- Yokena, Mississippi Yokena, Mississippi
- Coordinates: 32°10′31″N 90°56′31″W﻿ / ﻿32.17528°N 90.94194°W
- Country: United States
- State: Mississippi
- County: Warren
- Time zone: UTC-6 (Central (CST))
- • Summer (DST): UTC-5 (CDT)
- GNIS feature ID: 679954

= Yokena, Mississippi =

Yokena is an unincorporated community in southern Warren County, Mississippi, United States. It is bordered to the south by the Big Black River, to the north by Warrenton, to the east by Campbell Swamp, and to the west by U.S. Highway 61.

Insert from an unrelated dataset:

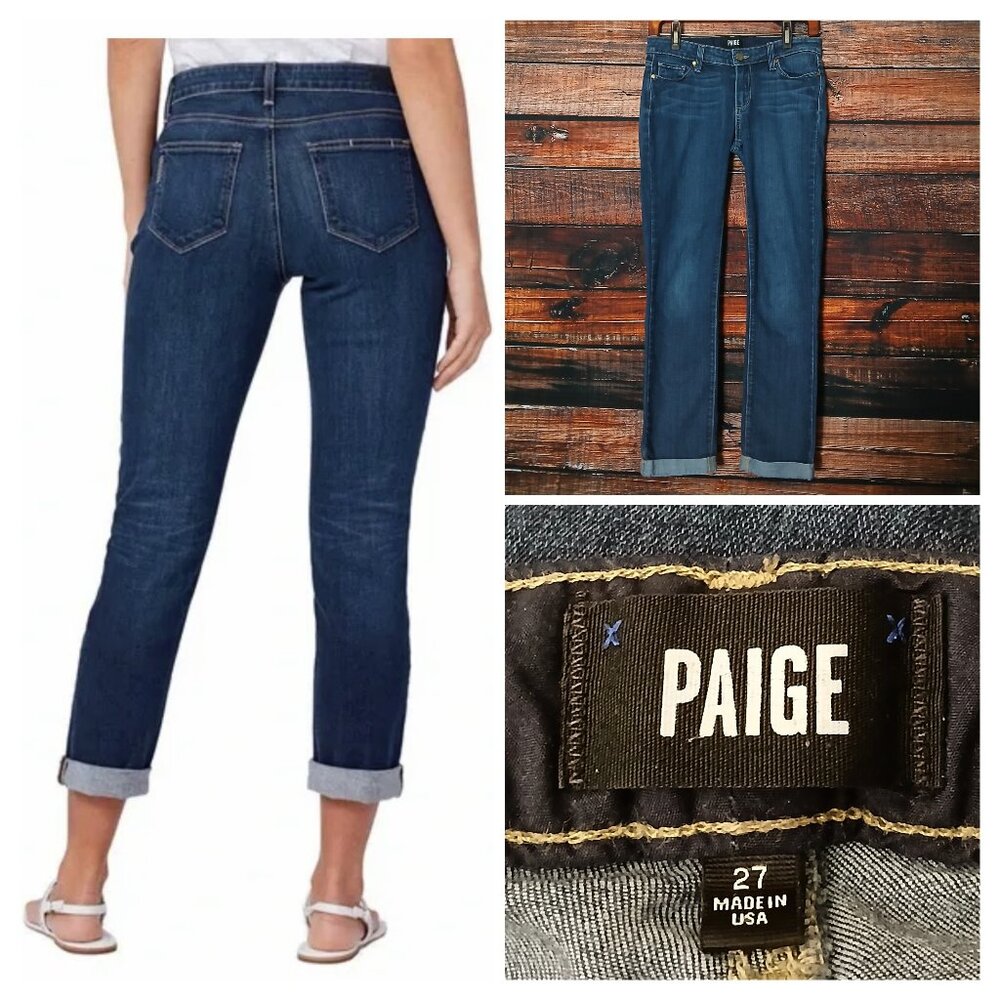 PAIGE Jeans 27 Skyline Crop Low Rise Cuffed Ankle Blue Denim Stretch USA Made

Yokena was named for the old Hyland Plantation that was originally known as Lucca Yokena, which means 'Black Dirt' in the local Choctaw language. There are no major industrial or commercial entities in Yokena.

The major roadways in Yokena are U.S. Highway 61, Hankinson Road, Jeff Davis Road, and Campbell Swamp Road.

There are two noteworthy landmarks in Yokena: The Yokena Presbyterian Church and the Hankinson Road pivot bridge over the Big Black River. Yokena Presbyterian Church was organized on May 11, 1884, and was built on land that was part of a Spanish land grant and given by Mrs. Patty Hyland Gould Hankinson. Dedication was held August 5, 1886. The first pastor, the Reverend Charles Pier Colmery, served from 1888 until his death in 1938.

==Climate==
The climate in this area is characterized by relatively high temperatures and evenly distributed precipitation throughout the year. According to the Köppen Climate Classification system, Yokena has a Humid subtropical climate, abbreviated "Cfa" on climate maps.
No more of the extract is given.